My bet of choice is the three-dog quiniela box. When I finish handicapping the program, I figure out how many playable races there are and then decide if I want to bet all of them, based on how much I feel comfortable spending.
True, I’m a conservative bettor. My idea of a wild bet is a $24 trifecta wheel once in a while. It’s not that I couldn’t bet more. It’s just that I’ve come to realize by trial and error that my betting style is quiniela boxes. I’ve also realized that betting large amounts of money doesn’t work for me, psychologically.
I know it sounds strange, but when I start playing like a high roller, my handicapping goes to hell and I start making mistakes. I’d rather make a small profit than no profit, so I stick with bets that don’t hurt if I lose.

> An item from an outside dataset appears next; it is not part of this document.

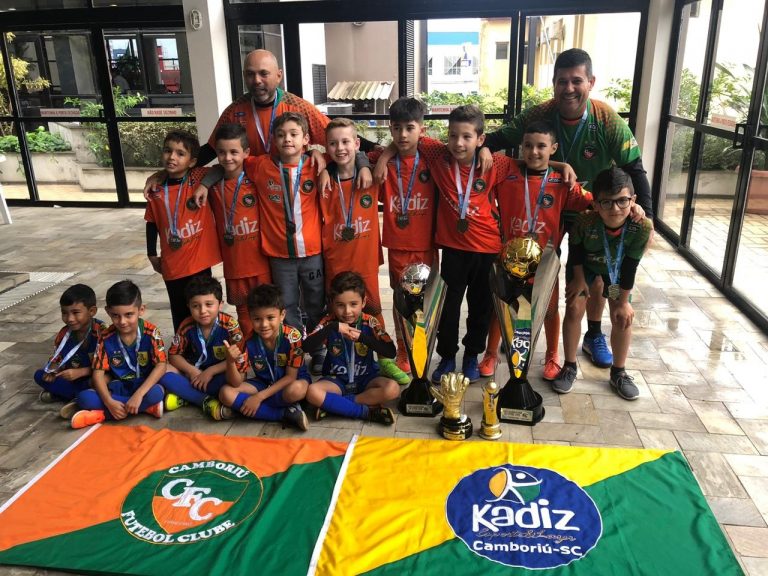 Camboriú conquista título na Copa Sul-Americana de Futsal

What’s your betting style? If you’re a risk-taker, you probably bet trifectas or Pick 3’s, 4’s or 6’s.. People who don’t mind risk tend to go for their best chance of hitting big, rather than gradually building up a bankroll with quinielas or win bets.
But what do you do if your betting style doesn’t fit your bankroll? If you’d like to try for a bigger payoff than you’re getting on quinielas or win bets, there are a few options. Of course, the most obvious one is that you can bet fewer races, but bet more money on each one.
This means, however, that you have to be really good at figuring out which race is the best one to bet on. And it’s really stressful to pick the wrong race, lose, and see your trifecta come racing home in a race you picked the right dogs in but didn’t bet on.
Another option for making more expensive bets is going to the track less often. If you now bet on three programs, bet on two or even one. That would give you twice or three times the money to bet with. Of course, like the first option where you skip races, skipping programs means that you might miss one where your bets come in, but that’s a risk you’d have to take to use this option.
Unless you have a crystal ball with really good reception, you can’t predict which race or which program you’ll hit until after it’s over. Let’s face it, there’s no sure thing with dog racing. So, either of these options can lead to stress, disappointment and a low bankroll.
There IS another option though, that I’ve used to bet trifectas with a quiniela bankroll. If you get good enough at handicapping, every so often a race comes along where you almost know that you have the quiniela. If that happens and you can come up with one or two key dogs, you can bet a cheap trifecta bet.
For instance, say I really think I know that the 2 and 3 are going to be the quiniela in a race, although I’m not exactly sure which one will be first and which one will be second. For $6 each, I can bet a one-dollar 2/3/All and a one-dollar 3/2/All trifecta. So for $12, I can get half of the trifecta if the 2 and the 3 are the quiniela.
If you’re good at picking quinielas, this is a good trifecta bet. Every once in awhile, when I’m confident that my quiniela picks are strong ones, I bet this combination and it’s paid off many times. I’m not daring enough to plunk down hundreds of dollars on trifecta wheels and key combinations, but I’m not afraid to risk $12 on a trifecta every so often.
If you’re on a quiniela budget and would like to bet trifectas, give the two $6 bets a try. Just make sure that you only bet when you’re really confident that the two dogs have the best chance of being the quiniela. There’s nothing nicer than seeing your two dogs come in first and second, especially if there’s a longshot for 3rd. After all, everyone has to take a risk now and then. That’s why we’re greyhound handicappers.